BEGIN The input
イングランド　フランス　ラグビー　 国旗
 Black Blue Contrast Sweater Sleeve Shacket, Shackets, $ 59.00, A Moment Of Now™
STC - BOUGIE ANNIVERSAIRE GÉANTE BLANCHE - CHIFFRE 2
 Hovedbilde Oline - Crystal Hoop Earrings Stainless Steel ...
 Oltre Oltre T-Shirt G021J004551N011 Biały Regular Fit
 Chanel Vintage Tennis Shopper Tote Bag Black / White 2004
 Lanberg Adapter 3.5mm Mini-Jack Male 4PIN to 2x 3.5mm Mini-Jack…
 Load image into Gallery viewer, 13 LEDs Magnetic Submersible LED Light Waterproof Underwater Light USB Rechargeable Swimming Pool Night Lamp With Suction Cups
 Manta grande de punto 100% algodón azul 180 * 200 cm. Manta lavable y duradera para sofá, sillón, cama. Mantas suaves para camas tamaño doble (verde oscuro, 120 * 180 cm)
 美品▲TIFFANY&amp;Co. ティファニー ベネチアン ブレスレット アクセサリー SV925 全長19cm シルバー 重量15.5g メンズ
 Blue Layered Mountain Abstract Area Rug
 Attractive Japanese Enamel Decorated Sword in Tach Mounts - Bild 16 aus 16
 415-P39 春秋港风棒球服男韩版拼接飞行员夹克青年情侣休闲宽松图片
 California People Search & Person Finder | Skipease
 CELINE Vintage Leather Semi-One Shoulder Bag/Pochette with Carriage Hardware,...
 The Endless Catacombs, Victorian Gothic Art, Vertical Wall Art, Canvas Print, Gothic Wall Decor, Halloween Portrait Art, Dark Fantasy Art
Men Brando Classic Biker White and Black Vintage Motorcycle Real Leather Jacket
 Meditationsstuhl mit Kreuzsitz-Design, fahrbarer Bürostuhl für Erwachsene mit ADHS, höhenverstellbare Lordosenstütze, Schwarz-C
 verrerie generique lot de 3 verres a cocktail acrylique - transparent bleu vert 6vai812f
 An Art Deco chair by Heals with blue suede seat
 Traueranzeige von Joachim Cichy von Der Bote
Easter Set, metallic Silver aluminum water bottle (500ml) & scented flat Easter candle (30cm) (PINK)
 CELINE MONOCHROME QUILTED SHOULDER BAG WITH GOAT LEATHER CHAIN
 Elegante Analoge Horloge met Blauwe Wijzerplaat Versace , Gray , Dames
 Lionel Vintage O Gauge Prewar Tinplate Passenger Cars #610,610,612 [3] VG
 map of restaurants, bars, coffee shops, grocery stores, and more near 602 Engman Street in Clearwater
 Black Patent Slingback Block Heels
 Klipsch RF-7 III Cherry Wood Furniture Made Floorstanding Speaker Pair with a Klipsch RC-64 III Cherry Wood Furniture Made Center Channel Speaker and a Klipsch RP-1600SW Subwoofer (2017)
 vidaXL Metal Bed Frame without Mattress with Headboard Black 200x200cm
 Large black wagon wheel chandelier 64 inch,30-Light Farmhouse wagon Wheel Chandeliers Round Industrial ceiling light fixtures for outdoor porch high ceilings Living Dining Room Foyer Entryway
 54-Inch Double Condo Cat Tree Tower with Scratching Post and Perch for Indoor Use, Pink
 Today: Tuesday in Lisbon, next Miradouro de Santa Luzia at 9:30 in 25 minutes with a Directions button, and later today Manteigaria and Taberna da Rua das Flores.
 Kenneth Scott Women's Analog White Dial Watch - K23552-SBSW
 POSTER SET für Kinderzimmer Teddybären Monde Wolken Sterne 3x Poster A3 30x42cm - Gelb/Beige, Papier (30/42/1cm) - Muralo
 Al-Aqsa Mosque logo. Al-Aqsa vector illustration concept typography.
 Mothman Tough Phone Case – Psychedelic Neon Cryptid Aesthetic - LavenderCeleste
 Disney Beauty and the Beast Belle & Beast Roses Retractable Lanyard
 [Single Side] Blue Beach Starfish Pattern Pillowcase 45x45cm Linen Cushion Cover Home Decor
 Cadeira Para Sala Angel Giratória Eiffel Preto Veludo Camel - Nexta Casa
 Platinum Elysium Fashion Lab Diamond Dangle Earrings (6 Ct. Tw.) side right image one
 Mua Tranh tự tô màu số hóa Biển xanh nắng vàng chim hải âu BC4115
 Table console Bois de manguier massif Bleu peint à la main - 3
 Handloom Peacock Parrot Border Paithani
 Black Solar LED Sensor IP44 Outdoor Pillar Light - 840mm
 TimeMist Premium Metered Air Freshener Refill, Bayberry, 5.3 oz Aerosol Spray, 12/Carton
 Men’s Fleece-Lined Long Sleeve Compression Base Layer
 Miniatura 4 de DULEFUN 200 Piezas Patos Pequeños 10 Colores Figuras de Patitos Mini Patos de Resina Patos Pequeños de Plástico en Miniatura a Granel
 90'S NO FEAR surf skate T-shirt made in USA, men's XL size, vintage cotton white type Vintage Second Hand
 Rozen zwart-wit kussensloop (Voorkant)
END The input
What is expected ::
Retype each line above, keeping every character.

Exercise solution ::
イングランド　フランス　ラグビー　 国旗
 Black Blue Contrast Sweater Sleeve Shacket, Shackets, $ 59.00, A Moment Of Now™
STC - BOUGIE ANNIVERSAIRE GÉANTE BLANCHE - CHIFFRE 2
 Hovedbilde Oline - Crystal Hoop Earrings Stainless Steel ...
 Oltre Oltre T-Shirt G021J004551N011 Biały Regular Fit
 Chanel Vintage Tennis Shopper Tote Bag Black / White 2004
 Lanberg Adapter 3.5mm Mini-Jack Male 4PIN to 2x 3.5mm Mini-Jack…
 Load image into Gallery viewer, 13 LEDs Magnetic Submersible LED Light Waterproof Underwater Light USB Rechargeable Swimming Pool Night Lamp With Suction Cups
 Manta grande de punto 100% algodón azul 180 * 200 cm. Manta lavable y duradera para sofá, sillón, cama. Mantas suaves para camas tamaño doble (verde oscuro, 120 * 180 cm)
 美品▲TIFFANY&amp;Co. ティファニー ベネチアン ブレスレット アクセサリー SV925 全長19cm シルバー 重量15.5g メンズ
 Blue Layered Mountain Abstract Area Rug
 Attractive Japanese Enamel Decorated Sword in Tach Mounts - Bild 16 aus 16
 415-P39 春秋港风棒球服男韩版拼接飞行员夹克青年情侣休闲宽松图片
 California People Search & Person Finder | Skipease
 CELINE Vintage Leather Semi-One Shoulder Bag/Pochette with Carriage Hardware,...
 The Endless Catacombs, Victorian Gothic Art, Vertical Wall Art, Canvas Print, Gothic Wall Decor, Halloween Portrait Art, Dark Fantasy Art
Men Brando Classic Biker White and Black Vintage Motorcycle Real Leather Jacket
 Meditationsstuhl mit Kreuzsitz-Design, fahrbarer Bürostuhl für Erwachsene mit ADHS, höhenverstellbare Lordosenstütze, Schwarz-C
 verrerie generique lot de 3 verres a cocktail acrylique - transparent bleu vert 6vai812f
 An Art Deco chair by Heals with blue suede seat
 Traueranzeige von Joachim Cichy von Der Bote
Easter Set, metallic Silver aluminum water bottle (500ml) & scented flat Easter candle (30cm) (PINK)
 CELINE MONOCHROME QUILTED SHOULDER BAG WITH GOAT LEATHER CHAIN
 Elegante Analoge Horloge met Blauwe Wijzerplaat Versace , Gray , Dames
 Lionel Vintage O Gauge Prewar Tinplate Passenger Cars #610,610,612 [3] VG
 map of restaurants, bars, coffee shops, grocery stores, and more near 602 Engman Street in Clearwater
 Black Patent Slingback Block Heels
 Klipsch RF-7 III Cherry Wood Furniture Made Floorstanding Speaker Pair with a Klipsch RC-64 III Cherry Wood Furniture Made Center Channel Speaker and a Klipsch RP-1600SW Subwoofer (2017)
 vidaXL Metal Bed Frame without Mattress with Headboard Black 200x200cm
 Large black wagon wheel chandelier 64 inch,30-Light Farmhouse wagon Wheel Chandeliers Round Industrial ceiling light fixtures for outdoor porch high ceilings Living Dining Room Foyer Entryway
 54-Inch Double Condo Cat Tree Tower with Scratching Post and Perch for Indoor Use, Pink
 Today: Tuesday in Lisbon, next Miradouro de Santa Luzia at 9:30 in 25 minutes with a Directions button, and later today Manteigaria and Taberna da Rua das Flores.
 Kenneth Scott Women's Analog White Dial Watch - K23552-SBSW
 POSTER SET für Kinderzimmer Teddybären Monde Wolken Sterne 3x Poster A3 30x42cm - Gelb/Beige, Papier (30/42/1cm) - Muralo
 Al-Aqsa Mosque logo. Al-Aqsa vector illustration concept typography.
 Mothman Tough Phone Case – Psychedelic Neon Cryptid Aesthetic - LavenderCeleste
 Disney Beauty and the Beast Belle & Beast Roses Retractable Lanyard
 [Single Side] Blue Beach Starfish Pattern Pillowcase 45x45cm Linen Cushion Cover Home Decor
 Cadeira Para Sala Angel Giratória Eiffel Preto Veludo Camel - Nexta Casa
 Platinum Elysium Fashion Lab Diamond Dangle Earrings (6 Ct. Tw.) side right image one
 Mua Tranh tự tô màu số hóa Biển xanh nắng vàng chim hải âu BC4115
 Table console Bois de manguier massif Bleu peint à la main - 3
 Handloom Peacock Parrot Border Paithani
 Black Solar LED Sensor IP44 Outdoor Pillar Light - 840mm
 TimeMist Premium Metered Air Freshener Refill, Bayberry, 5.3 oz Aerosol Spray, 12/Carton
 Men’s Fleece-Lined Long Sleeve Compression Base Layer
 Miniatura 4 de DULEFUN 200 Piezas Patos Pequeños 10 Colores Figuras de Patitos Mini Patos de Resina Patos Pequeños de Plástico en Miniatura a Granel
 90'S NO FEAR surf skate T-shirt made in USA, men's XL size, vintage cotton white type Vintage Second Hand
 Rozen zwart-wit kussensloop (Voorkant)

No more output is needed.